Analysis of gradle-check failures against committed code (Timer and Post Merge Action builds targeting main) in the 24 hours ending 2026-05-09T10:00Z. Found 31 failure records across 7 distinct builds, representing 10 distinct failing tests (excluding class-level classMethod duplicates). Build 76364 had a systemic failure affecting all qa:smoke-test-http tests due to a RestCancellableNodeClient channel tracking issue.

Failing Tests

1. ClusterDisruptionIT (classMethod)

  • Build: 76306
  • Error: SpanData validation failed for validator AllSpansAreEndedProperly — spans from dispatchedShardOperationOnPrimary not ended during cluster disruption
  • Seed: CB09D2F627911882
  • Reproduced locally: ❌ No (passed with seed)
  • First seen: 2024-04-05
  • Total unique builds affected: 103
  • Pattern: Chronic low-rate flake, stable at ~3-7 builds/month since inception. Slight uptick in Apr 2026 (5 builds) but within historical range. This is a telemetry validation issue during disruption scenarios where spans are not properly ended when nodes are disrupted mid-operation.
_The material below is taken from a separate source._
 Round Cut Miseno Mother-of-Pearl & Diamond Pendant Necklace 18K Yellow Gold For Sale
2. RemoteSplitIndexIT.testCreateSplitIndex

  • Build: 76313
  • Error: expected:<0> but was:<67>
  • Seed: 26B8D7F0BC427F51
  • Reproduced locally: ❌ No (passed with seed)
  • First seen: 2024-04-11
  • Total unique builds affected: 140
  • Pattern: Chronic flake with a major spike in Nov 2025 (42 builds). Otherwise stable at 1-6 builds/month. The Nov 2025 spike suggests a temporary regression that was later fixed. Currently at baseline rate (~1-2/month).

3. ShardIndexingPressureSettingsIT.testShardIndexingPressureEnforcedEnabledDisabledSetting

  • Build: 76328
  • Error: expected:<0> but was:<2> in waitForTwoOutstandingRequests
  • Seed: 8410C0C2683BE2F0
  • Reproduced locally: ❌ No (passed with seed)
  • First seen: 2024-03-26
  • Total unique builds affected: 198
  • Pattern: Chronic high-rate flake. Historically 5-18 builds/month. Notable worsening trend: Apr 2026 had 10 builds, May 2026 already has 11 builds (9 days in). This is a timing-sensitive test that uses assertBusy to wait for outstanding requests, suggesting a race condition in indexing pressure tracking.
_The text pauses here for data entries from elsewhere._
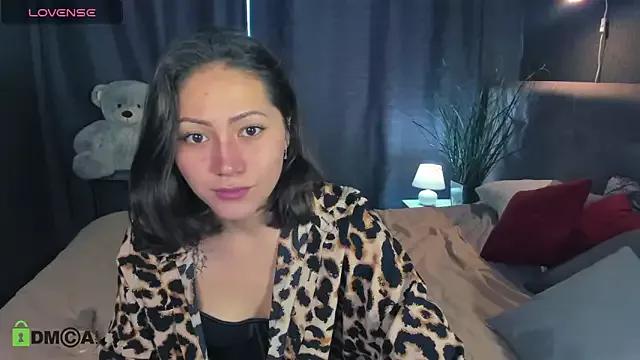 Bellalovesss from StripChat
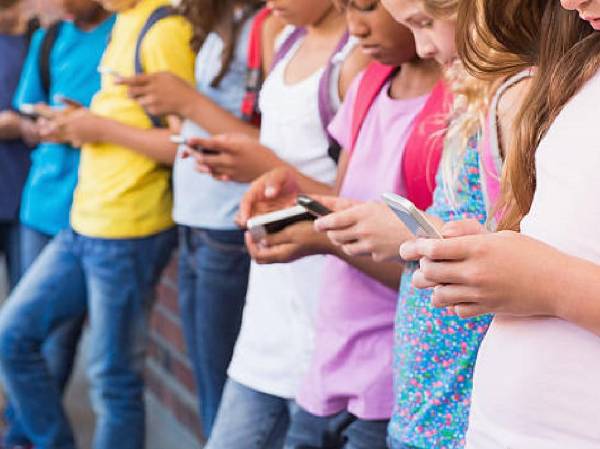 <i>Después de tres semanas sin móvil, la proporción de jóvenes sin síntomas depresivos había aumentado en aproximadamente un 15 %. Foto de iStock</i>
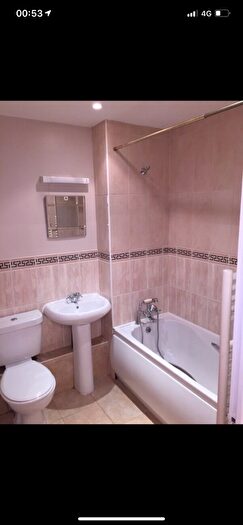 2 Bedroom Flat To Rent In Chaucer Way, Wimbledon, London, SW19
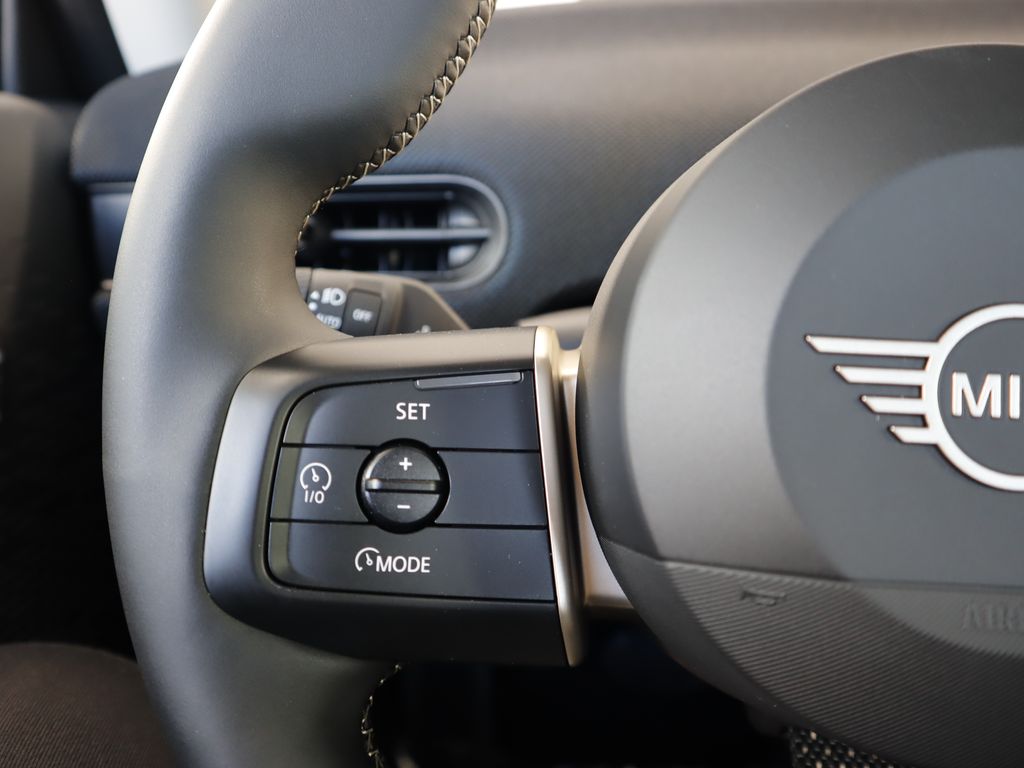 Thumbnail: 2025 MINI Cooper - 12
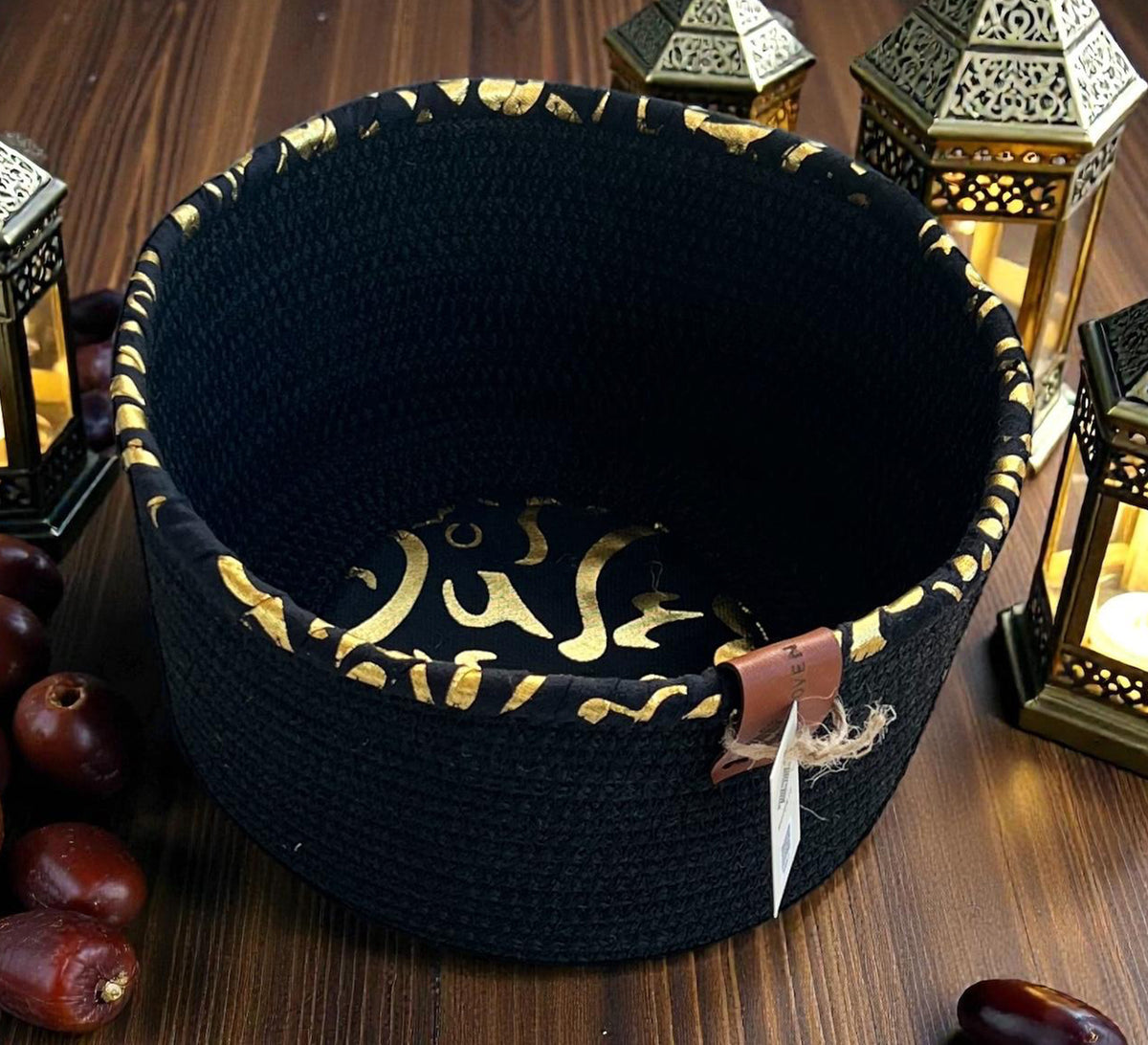 Jute bowl with a base and rim featuring Arabic calligraphy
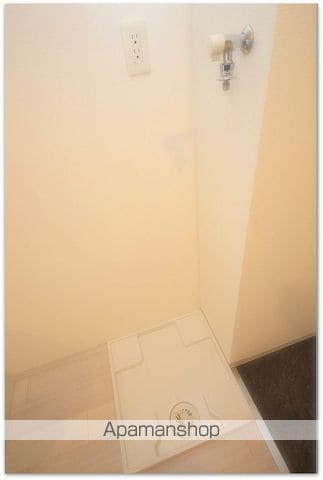FORREALIZE弁天町CROSSの内装写真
4. NRTReplicationEngineTests.testAcquireLastIndexCommit

  • Build: 76338
  • Error: expected:<2> but was:<1> at NRTReplicationEngineTests.java:81
  • Seed: CF6EC8EA3A74B5A6
  • Reproduced locally: ✅ Yes (deterministic with seed)
  • First seen: 2025-10-13
  • Total unique builds affected: 14
  • Pattern: Relatively new flake, first seen Oct 2025. Low rate (1-3 builds/month) but worsening — Apr 2026 had 3 builds, May 2026 already has 3 builds (9 days in). The deterministic reproduction with seed suggests a test-logic bug rather than a timing issue.
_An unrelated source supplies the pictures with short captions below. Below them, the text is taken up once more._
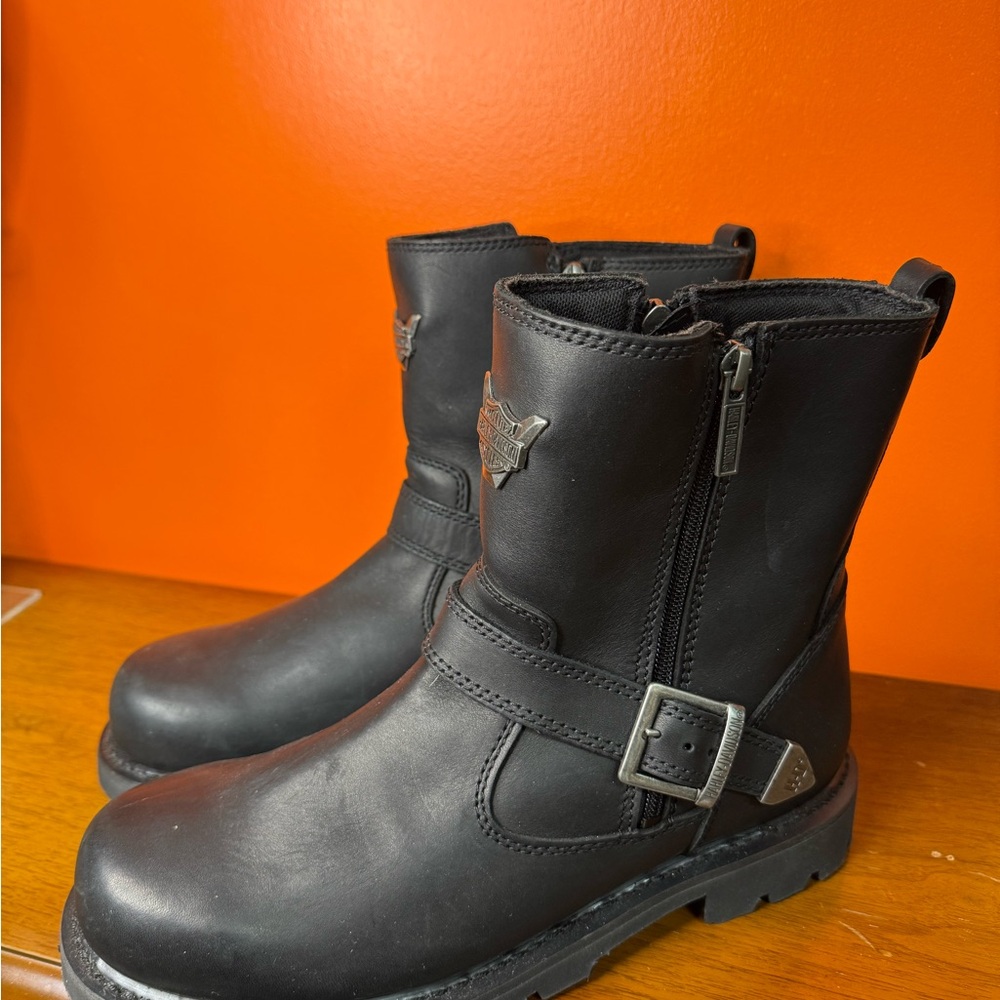 Harley-Davidson Black Leather Boots with Silver Buckle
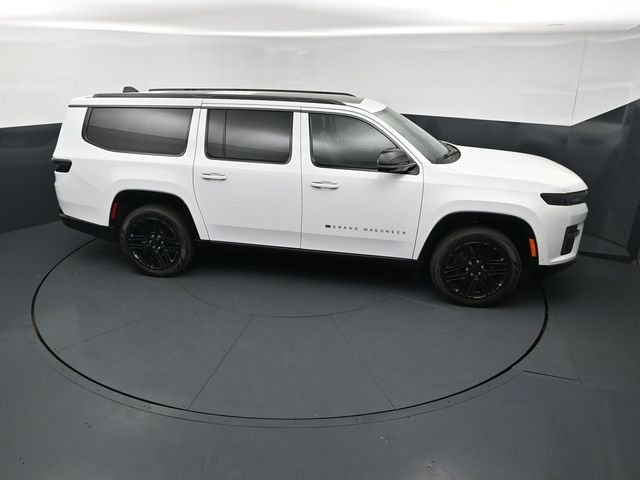 New 2026 White Jeep Limited Reserve image 15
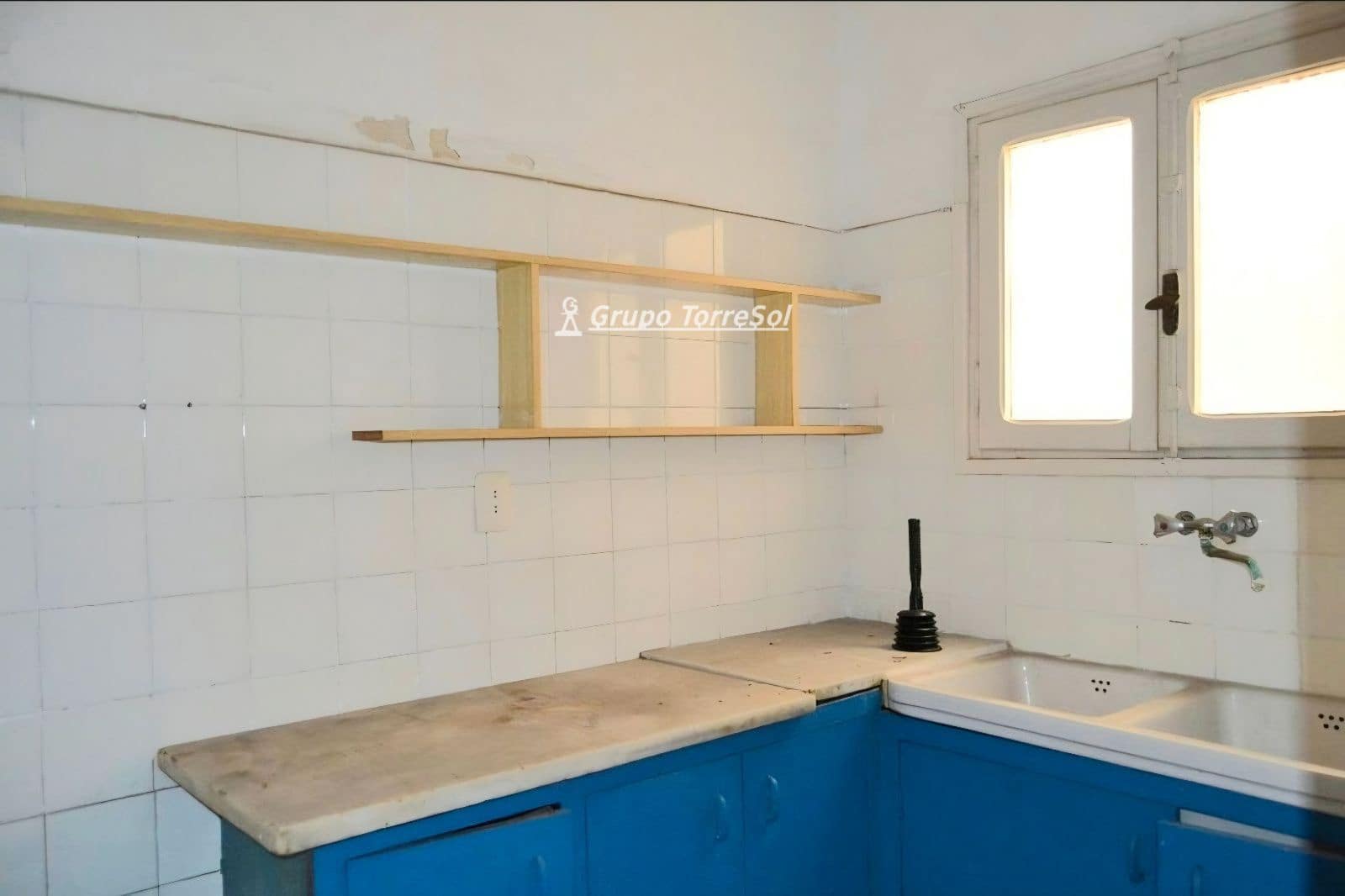 Restaurant/Bar for sale in Torredembarra - € 1,290,000 (Ref: 9771993)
5. IngestFromKafkaIT.testAllActiveOffsetBasedLag

  • Builds: 76338, 76353
  • Error: java.lang.AssertionError (assertion on lag metrics)
  • Seeds: CF6EC8EA3A74B5A6, AE215E3F25600C15
  • Reproduced locally: ❌ No (passed with seed)
  • First seen: 2025-10-15
  • Total unique builds affected: 31
  • Pattern: New and rapidly worsening. Dormant from Nov 2025–Feb 2026, then exploded: Mar 2026 (8 builds), Apr 2026 (13 builds), May 2026 (8 builds in 9 days). This is the most actively worsening test in this report. The Kafka integration tests use embedded Kafka which is sensitive to timing.

6. IngestFromKafkaIT.testCloseIndex

  • Build: 76348
  • Error: ConditionTimeoutException: Condition was not fulfilled within 1 minutes
  • Seed: 84563A7AEEF383D2
  • Reproduced locally: ❌ No (passed with seed)
  • First seen: 2025-03-24
  • Total unique builds affected: 9
  • Pattern: Low-rate chronic flake (~1 build/month when it appears). Stable. The timeout-based failure suggests environmental sensitivity (CI load, Kafka startup time).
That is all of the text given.